The drones, of course, would not require pilots or crew, and they would launch and land on water, away from controlled airspace, avoiding the need for landing slots at busy airports and compliance with expensive and time-consuming regulations.
The company intends to launch a small prototype drone this summer, backed by $750,000 in venture capital from Silicon Valley’s Draper Funding and with FAA approval already in hand. The prototype is about 70 percent complete, says Aleksey Matyushev, the CEO and one of four co-founders of Natilus.

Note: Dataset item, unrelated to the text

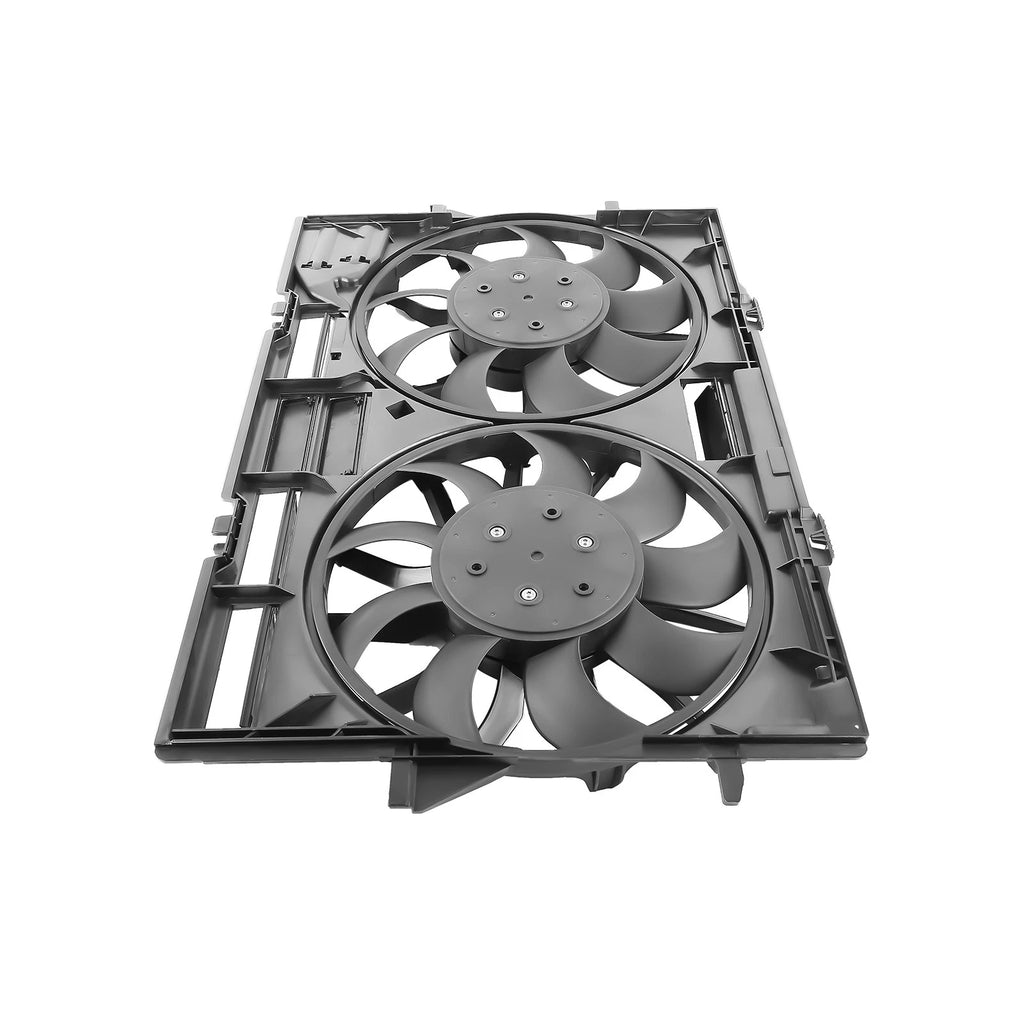 Electric Radiator Cooling Fan for Audi A6/A7/Q5 3.0L V6 (2012–2017) 4H0959455AD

Although the project is starting with a self-designed, self-engineered prototype, it is much more expensive and technically involved than other DIY drone projects, and has far greater stakes. With a design optimized for efficient flight at a 20,000-foot altitude, the largest production Natilus drone will have a 140-foot wingspan. The prototype, according to Matyushev, has a wingspan of 30 feet and a maximum gross weight of 2,200 pounds, and will cruise at 100 knots airspeed. The prototype will be a seaplane, like the larger production drones, and will lack landing gear. (Matyushev notes that they are “leaving room for landing gear” in their plans.)
Instead of carbon fiber, Natilus is using aircraft grade fiberglass for the prototype, along with plywood and expanding foam, which the designers say will be fine for subscale testing. The prototype will fly with a four-cylinder, 100-horsepower reciprocating engine that drives a propeller. The full-scale drones will use turbofans or turboprops. Matyushev also explained that in piecing the engine, mounts, and all other parts of the prototype together, they are using rapid prototyping techniques: “That allows us to build aircraft components incredibly quickly and inexpensively,” he says. For the all-important flight control computer, they are using an off-the-shelf flight controller for DIY drones customized for larger aircraft.
Will it all work? We’ll find out this summer. “The FAA has been supportive and we have a mutual plan to get us in the air this summer,” Matyushev says. And though Natilus may ultimately not be the company that captues some of the global shipping market, sooner or later someone will.